The entries must be set down again word for word; no pictures belong in the copy.

- - - - - - -

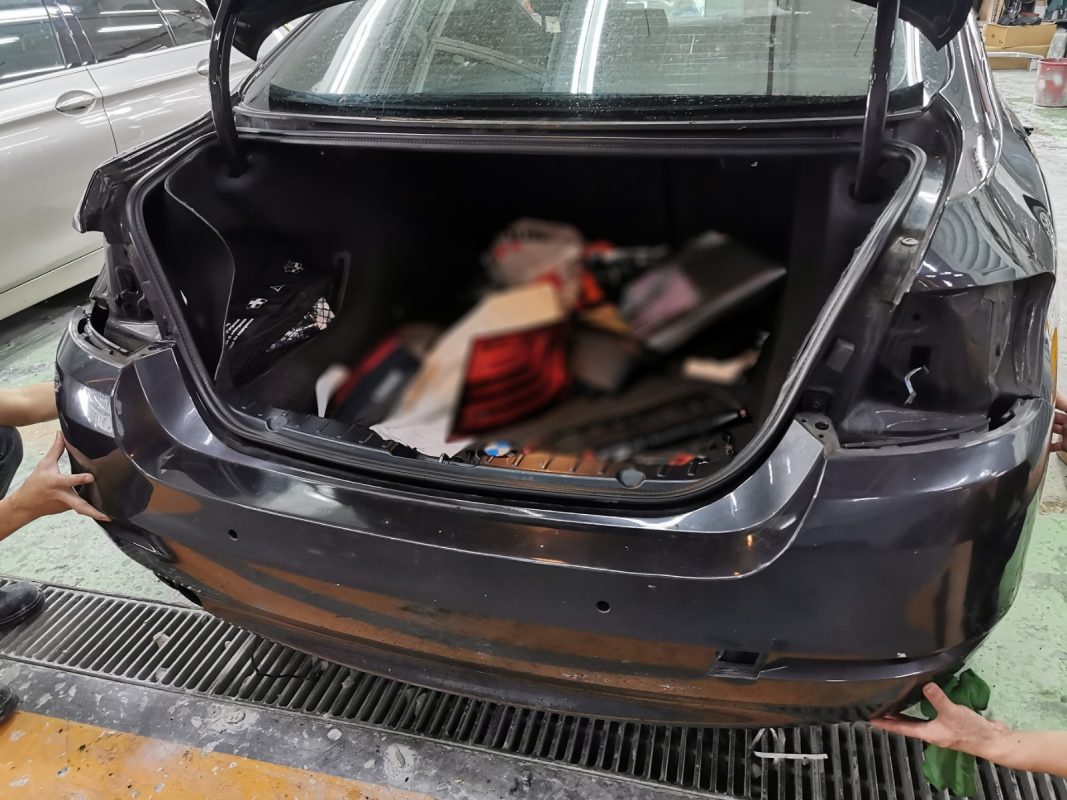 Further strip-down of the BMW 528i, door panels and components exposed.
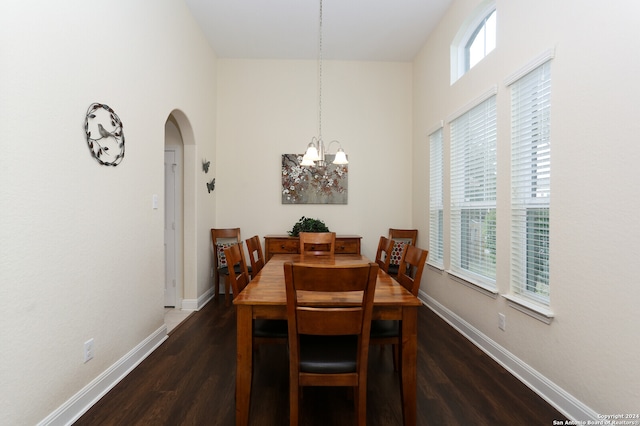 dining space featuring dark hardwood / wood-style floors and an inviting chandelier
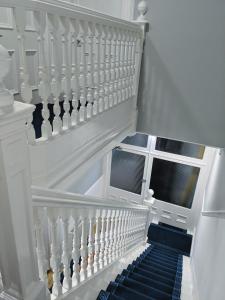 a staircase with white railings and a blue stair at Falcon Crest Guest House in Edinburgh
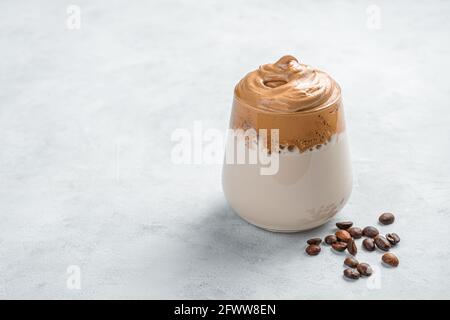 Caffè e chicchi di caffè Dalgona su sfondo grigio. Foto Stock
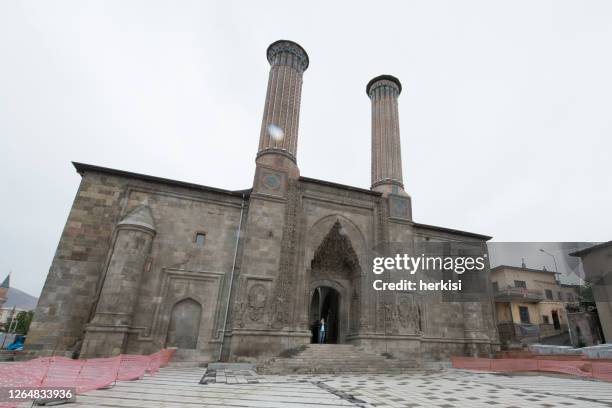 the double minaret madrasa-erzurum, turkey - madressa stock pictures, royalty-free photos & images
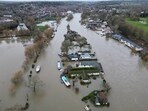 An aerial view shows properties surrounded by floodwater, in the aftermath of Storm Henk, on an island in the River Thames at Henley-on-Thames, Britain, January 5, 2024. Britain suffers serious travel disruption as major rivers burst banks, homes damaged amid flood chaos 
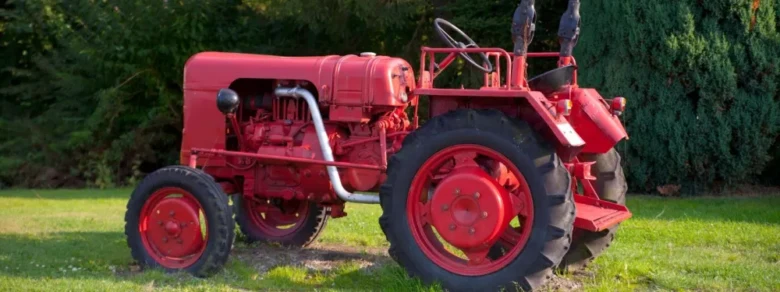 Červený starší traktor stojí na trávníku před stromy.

- - - - - - -

> OUTPUT FOR THIS EXERCISE
 Further strip-down of the BMW 528i, door panels and components exposed.
 dining space featuring dark hardwood / wood-style floors and an inviting chandelier
 a staircase with white railings and a blue stair at Falcon Crest Guest House in Edinburgh
 Caffè e chicchi di caffè Dalgona su sfondo grigio. Foto Stock
 the double minaret madrasa-erzurum, turkey - madressa stock pictures, royalty-free photos & images
 An aerial view shows properties surrounded by floodwater, in the aftermath of Storm Henk, on an island in the River Thames at Henley-on-Thames, Britain, January 5, 2024. Britain suffers serious travel disruption as major rivers burst banks, homes damaged amid flood chaos 
 Červený starší traktor stojí na trávníku před stromy.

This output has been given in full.